Assignment Task
Important note about libraries
For this assessment, you are free to use any standard Python libraries, as well the libraries we have covered in subject contents. In fact, you must use pandas appropriately to fulfill the requirements of this assessment. You may, if it allows you to write more efficient or effective code, use additional libraries, provided these libraries are included in the standard Anaconda installation. You may not use any libraries that need to be installed separately (e.g., via conda or pip).
Detailed instructions
Your program will allow users to load a DataFrame from a CSV file, clean the data in various ways, display statistics, and create visualisations.

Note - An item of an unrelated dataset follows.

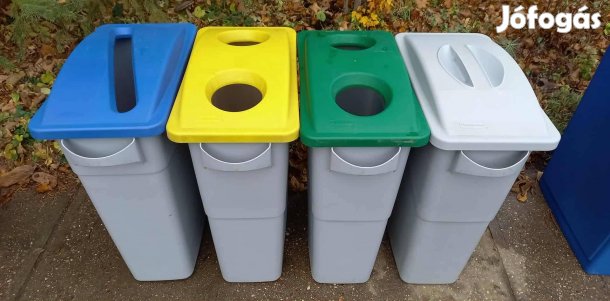 Szelektív hulladék gyűjtő szemetes kuka műanyag gyűjtőedény Bp. 22.ker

When the program runs, the user will see an introductory message (you are welcome to determine this as you see you fit, but make sure to include your name). For example:
- Welcome to The DataFrame Statistician!
- Programmed by Ada Lovelace
After the welcome message, the user will be presented with the following menu:
Please choose from the following options:
- Load data from a file
- View data
- Clean data
- Analyse data
- Visualise data
- Save data to a file
- Quit
Option 7 will exit the program; every other option will do some task and then display the menu again until the user chooses 7 from this menu.
If the user enters anything other than a value between 1 and 7, display an appropriate error message (e.g., Invalid selection!), then get the user to enter another choice.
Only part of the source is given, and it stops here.